(Required action)
Only the pictures should be left out; write out all other data exactly.

(Dataset records)
━━━━━━━━━━

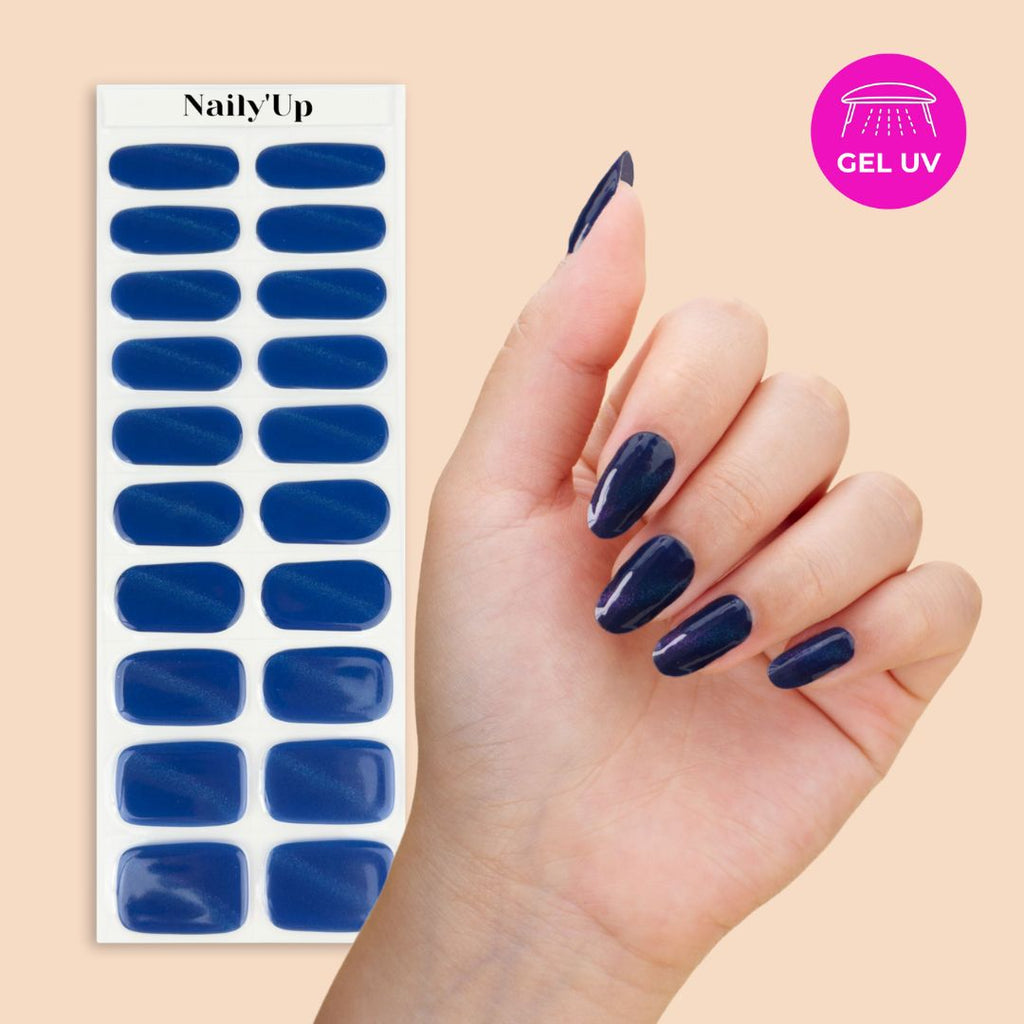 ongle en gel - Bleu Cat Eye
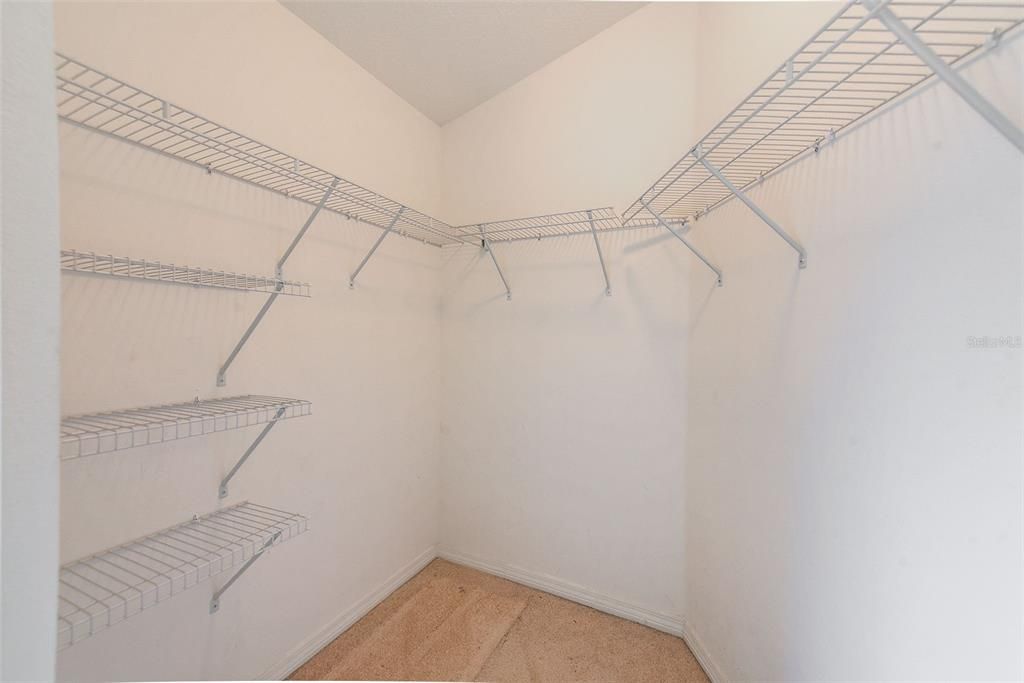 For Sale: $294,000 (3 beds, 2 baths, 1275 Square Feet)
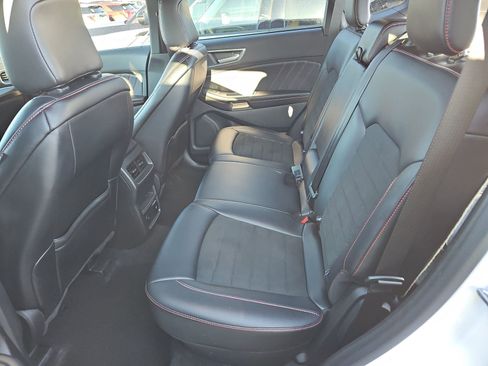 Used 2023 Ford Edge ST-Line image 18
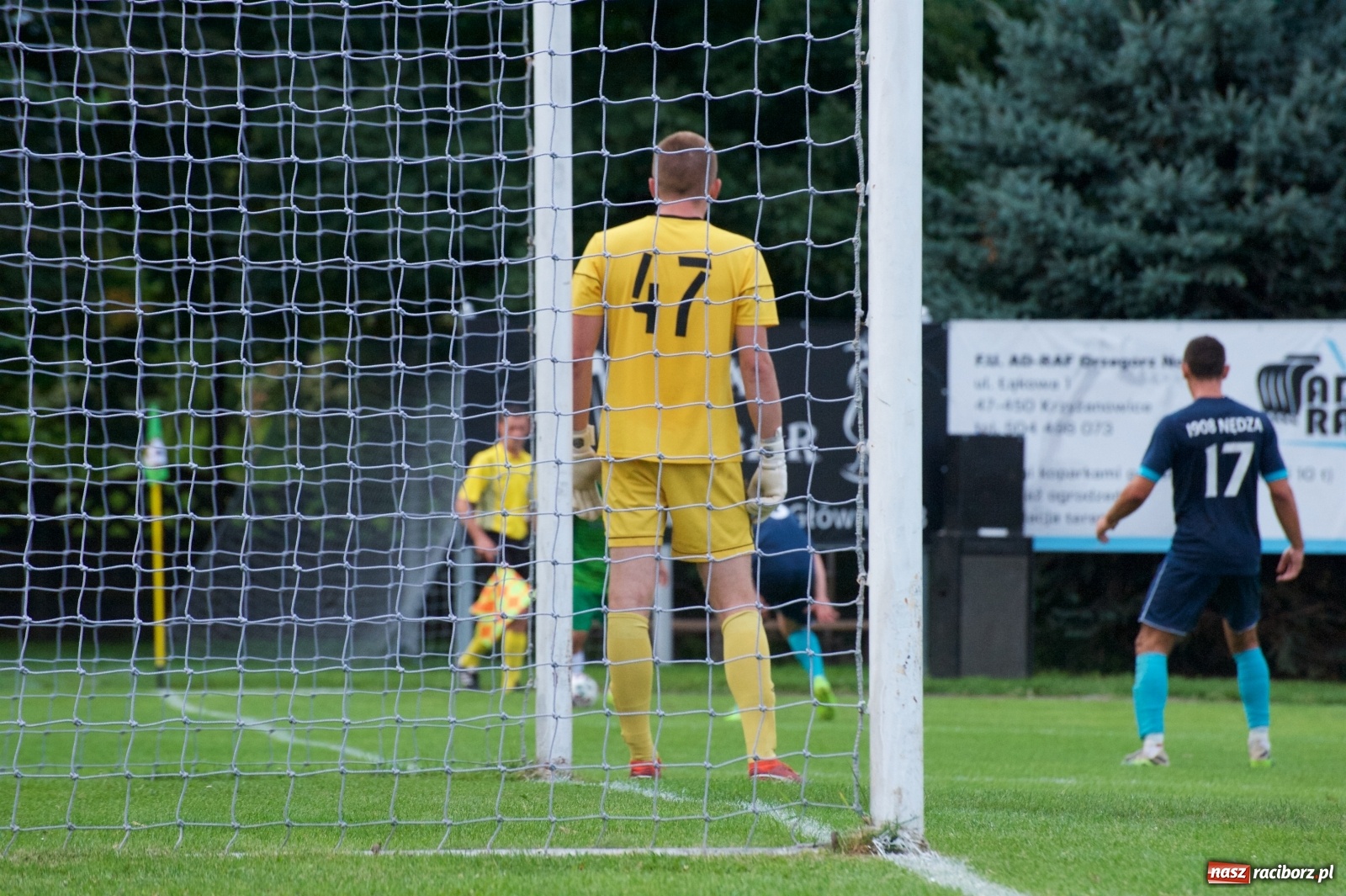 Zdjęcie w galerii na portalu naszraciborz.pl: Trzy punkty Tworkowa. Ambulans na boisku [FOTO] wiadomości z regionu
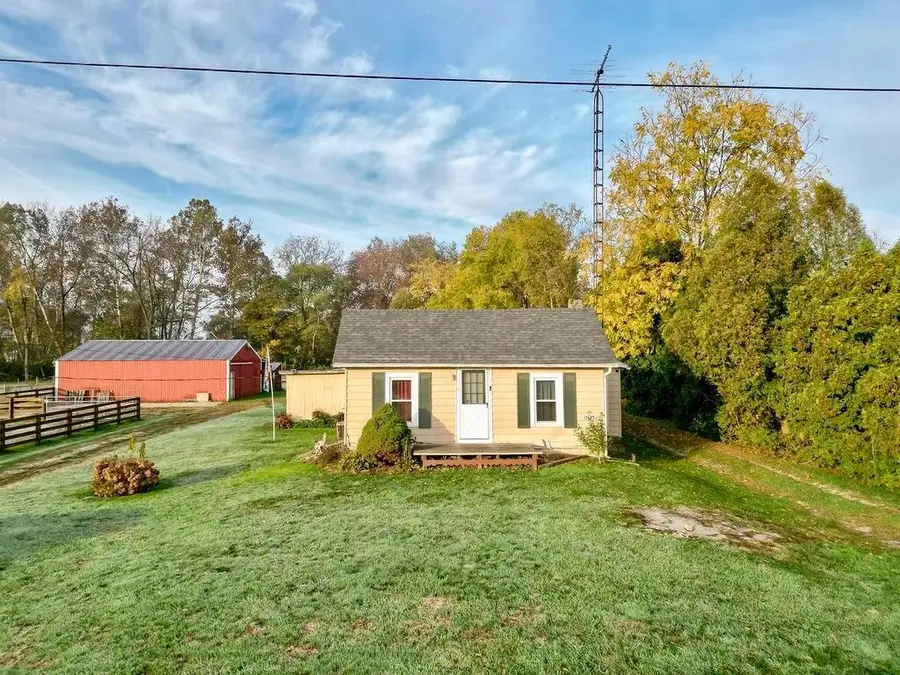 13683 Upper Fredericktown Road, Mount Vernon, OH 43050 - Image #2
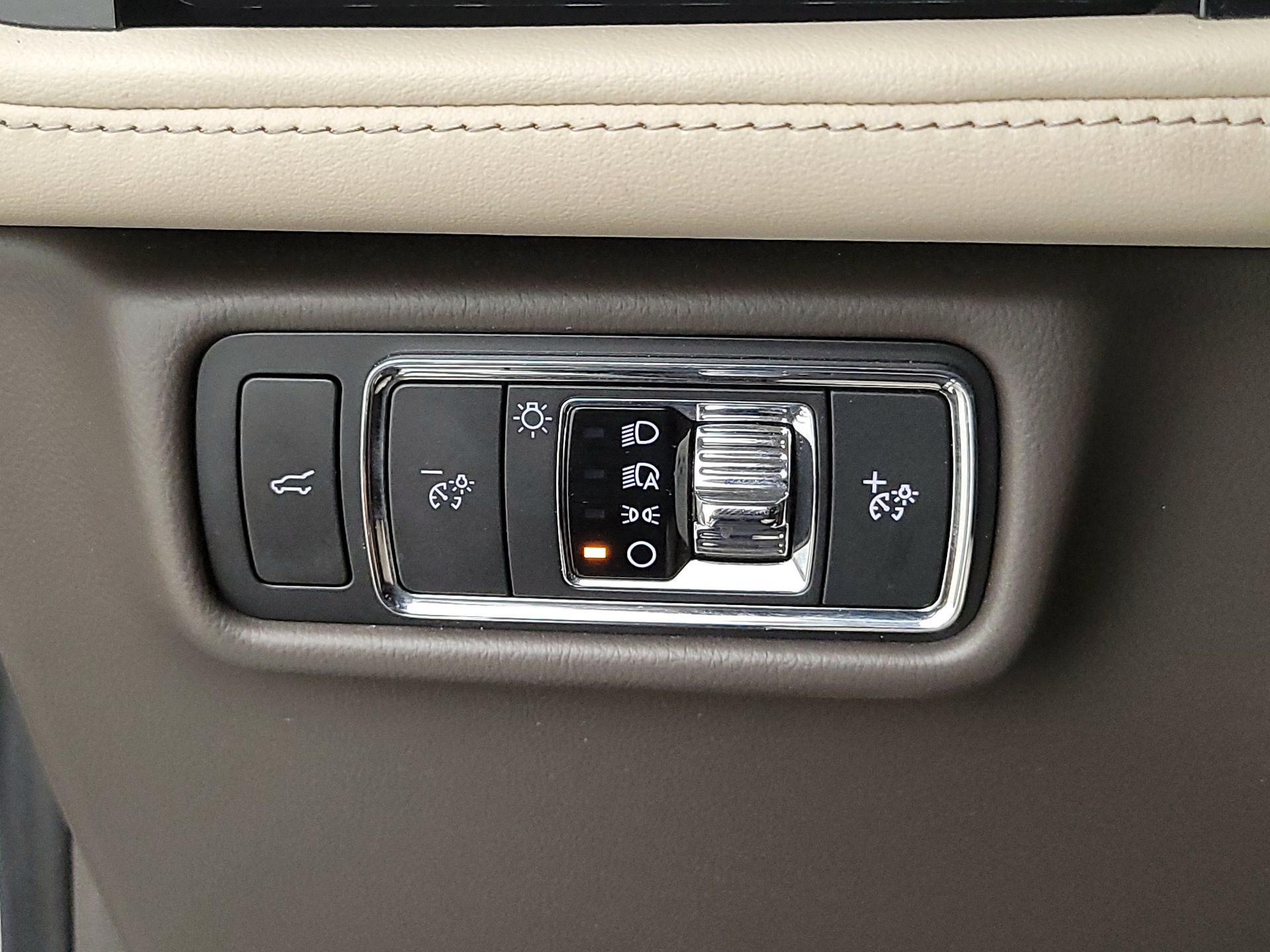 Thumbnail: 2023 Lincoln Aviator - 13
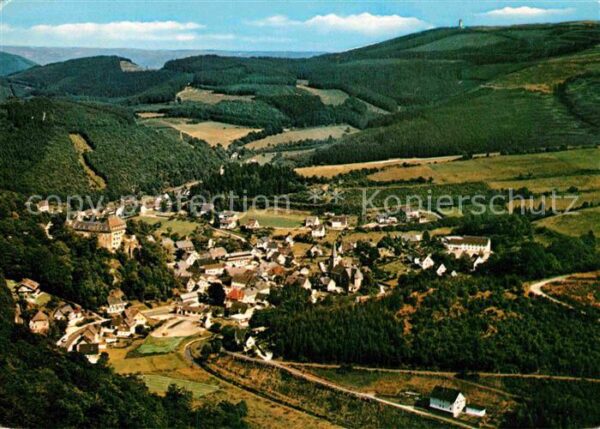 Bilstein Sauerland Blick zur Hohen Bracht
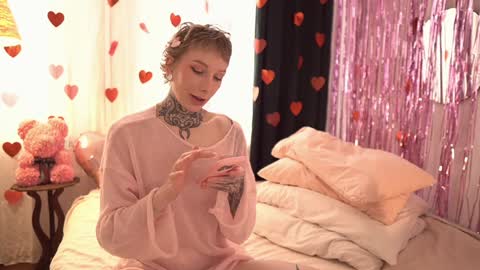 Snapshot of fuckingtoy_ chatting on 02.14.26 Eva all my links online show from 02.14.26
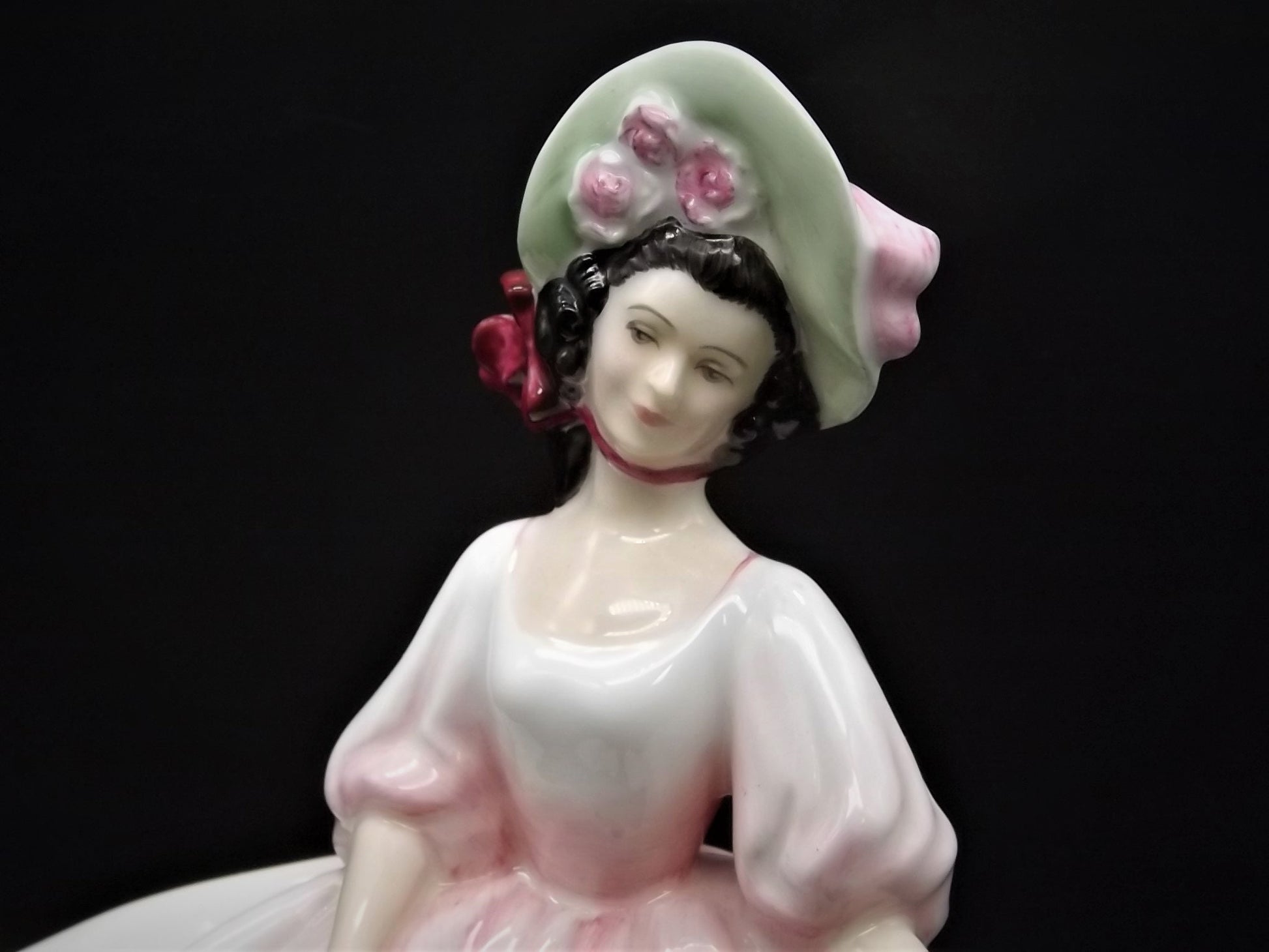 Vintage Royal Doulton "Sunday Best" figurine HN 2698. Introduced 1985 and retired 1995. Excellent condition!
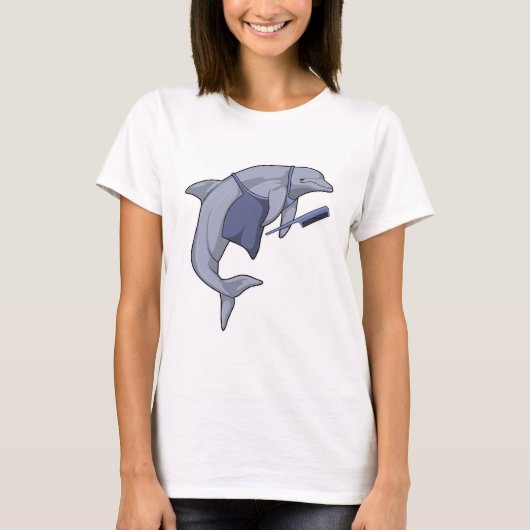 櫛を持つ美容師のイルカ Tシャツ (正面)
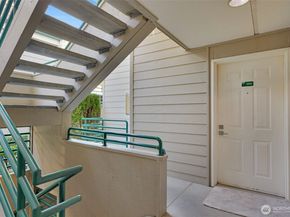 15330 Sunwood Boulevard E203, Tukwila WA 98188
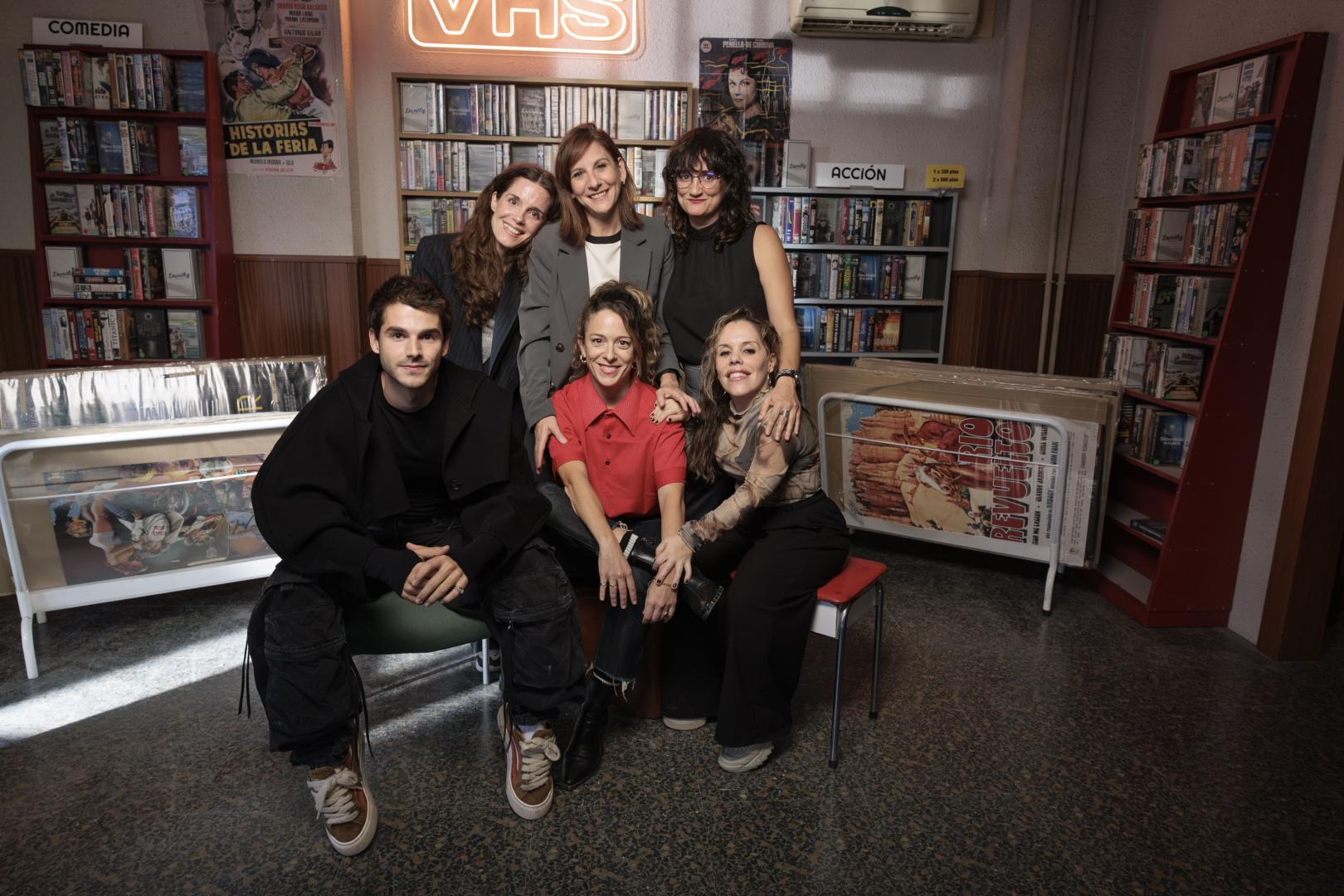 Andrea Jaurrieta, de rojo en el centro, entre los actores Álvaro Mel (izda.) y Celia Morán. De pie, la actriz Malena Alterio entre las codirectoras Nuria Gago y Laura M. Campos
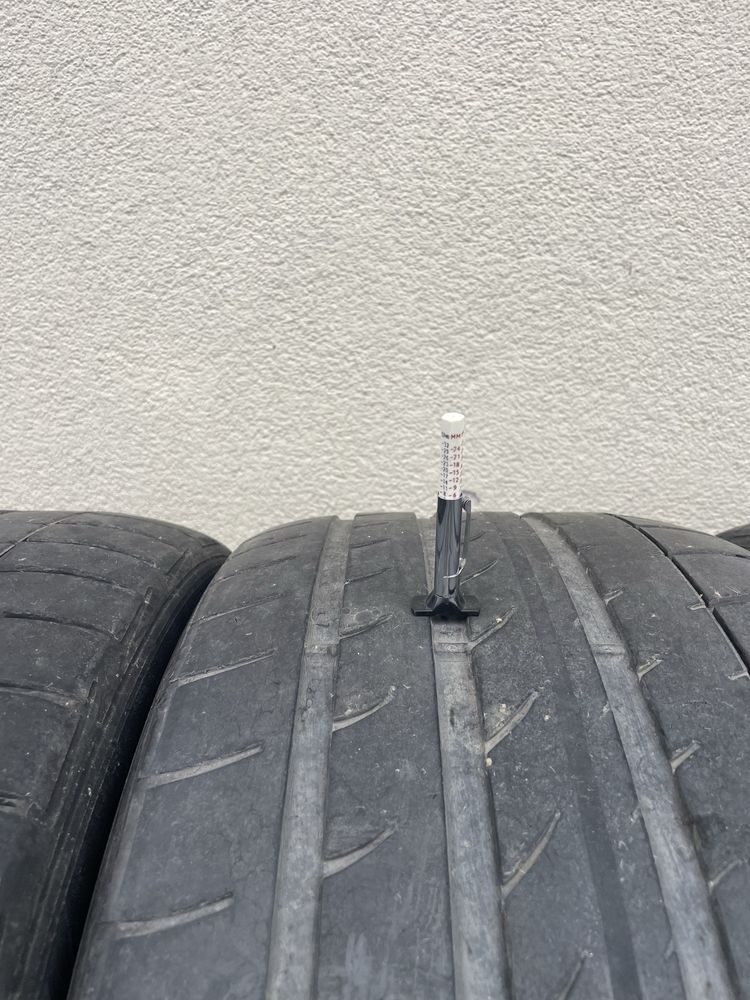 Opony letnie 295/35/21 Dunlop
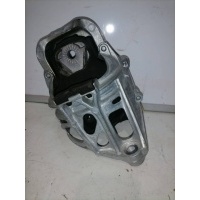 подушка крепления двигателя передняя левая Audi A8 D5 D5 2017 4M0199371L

━━━━━━━━━━

(Answer to this problem)
 ongle en gel - Bleu Cat Eye
 For Sale: $294,000 (3 beds, 2 baths, 1275 Square Feet)
 Used 2023 Ford Edge ST-Line image 18
 Zdjęcie w galerii na portalu naszraciborz.pl: Trzy punkty Tworkowa. Ambulans na boisku [FOTO] wiadomości z regionu
 13683 Upper Fredericktown Road, Mount Vernon, OH 43050 - Image #2
 Thumbnail: 2023 Lincoln Aviator - 13
 Bilstein Sauerland Blick zur Hohen Bracht
 Snapshot of fuckingtoy_ chatting on 02.14.26 Eva all my links online show from 02.14.26
 Vintage Royal Doulton "Sunday Best" figurine HN 2698. Introduced 1985 and retired 1995. Excellent condition!
 櫛を持つ美容師のイルカ Tシャツ (正面)
 15330 Sunwood Boulevard E203, Tukwila WA 98188
 Andrea Jaurrieta, de rojo en el centro, entre los actores Álvaro Mel (izda.) y Celia Morán. De pie, la actriz Malena Alterio entre las codirectoras Nuria Gago y Laura M. Campos
 Opony letnie 295/35/21 Dunlop
 подушка крепления двигателя передняя левая Audi A8 D5 D5 2017 4M0199371L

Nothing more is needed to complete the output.